We were barreling down a tunnel of light at high speed. I held fast to the ship’s wheel as we tumbled end over end for what felt like an eternity. Another flash heralded the end of the journey and daylight flooded back in.

I stood shaking at the helm as I took stock of our new surroundings. The ship was back on the water, but I could tell that we were no longer where we had been. Where once had been nothing but open water, there was now a lively pier covered in frightened civilians.

The realization that we had been transported had only just set in when another shockwave rippled through the ship. I felt the familiar sensation of the world dropping away as we fell into the tunnel once more.

This time I was determined to study the phenomenon. We fell through a black tunnel streaked with rainbow colors. Perpendicular tunnels appeared every so often around the sides of the one we fell through. Small specs flew from our deck, sucked into the tributaries of this dark river.

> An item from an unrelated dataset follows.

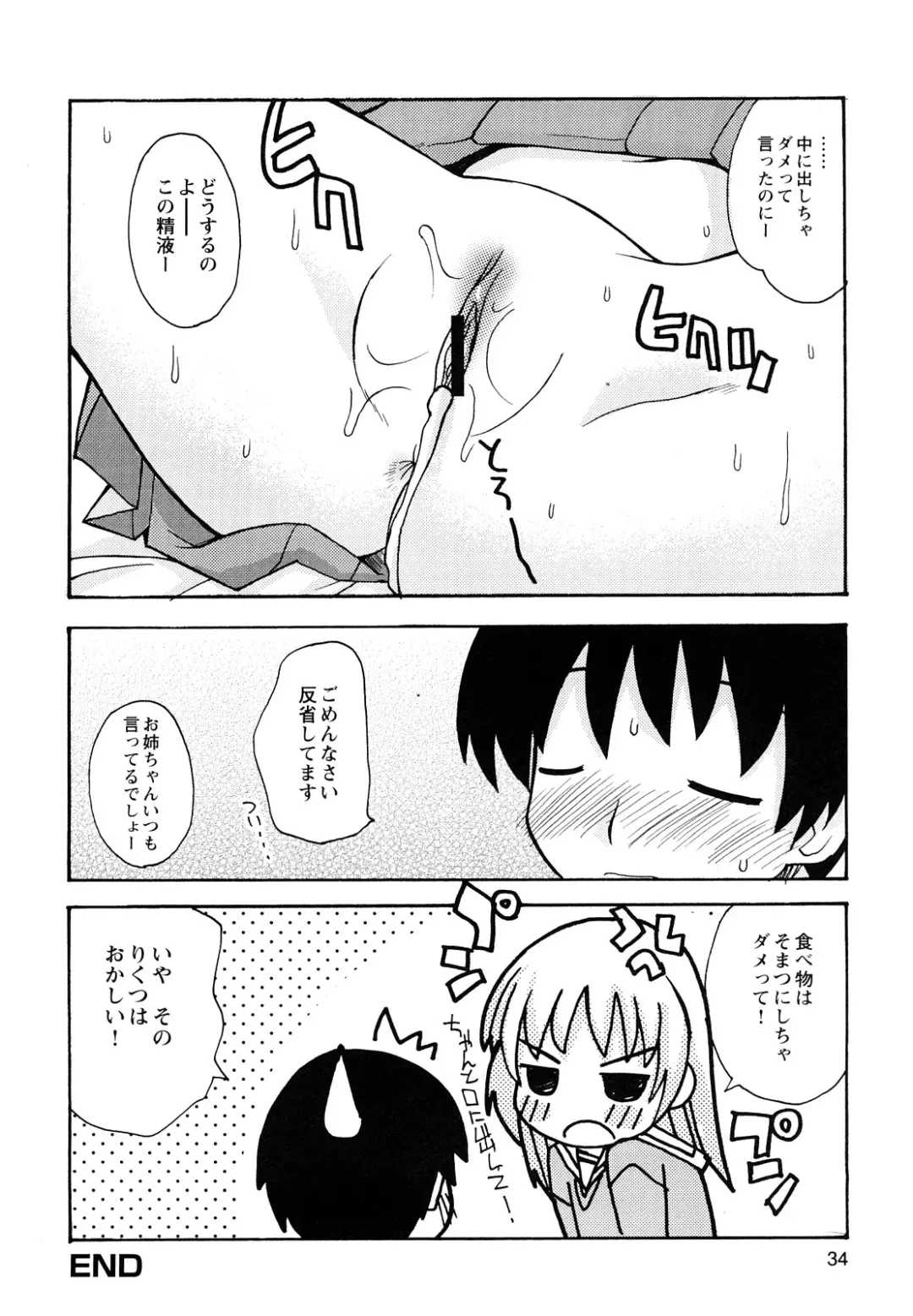 [Kanou Soukyuu] Boku Datte Ane to SEX Shitemitai! - I Love Sister! Fhentai - Page 36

I looked over at my crew around me, some looked to have fallen from their chairs and others had managed to stay at their posts. There was a high-pitched whine coming from below deck.

Another flash of light was followed by the gentle rocking of the sea. I surveyed the waters and confirmed that we had returned to our original location.

The high-pitched whine now registered as the wailing of men in pain. I took a moment to check myself for injury and found that my hands would not relinquish their grip on the wheel. Screams of terror now joined the pained wailing, and I realized that the men in the bridge were the ones screaming.

I followed their wild eyes to see that the men I had assumed had fallen had in fact sunk into the solid steel of the floor. Some men had their chairs caught halfway through their torsos. My first instinct was to help, but my hands still clutched the wheel. Pain lanced through my fingers as I regarded my hands, now sunk into the wood.

Other sailors had escaped unscathed, abandoning their posts and leaping overboard in a desperate attempt to escape the horrors they had witnessed.

We were left there, fused to the ship, for hours before the scientists dared board the cursed vessel. My fingers were turning black where they stuck out on the other side of the wooden wheel.

The scientists took notes of our injuries before ordering the ship to be towed back to port. They had to amputate my hands to free me from the ship’s grasp. Many of my crew were not so lucky, dying in agony as I watched from the bridge. Their organs were unable to function around the metal that had invaded their bodies.

Most of my crew were accounted for, but it seemed as if we had lost some men stationed on the deck. I can only assume that they had been the specs that flew overboard in the tunnel.

My career ended that day. The government put me on pension and provided me with a home far from the sea. I will never sail again.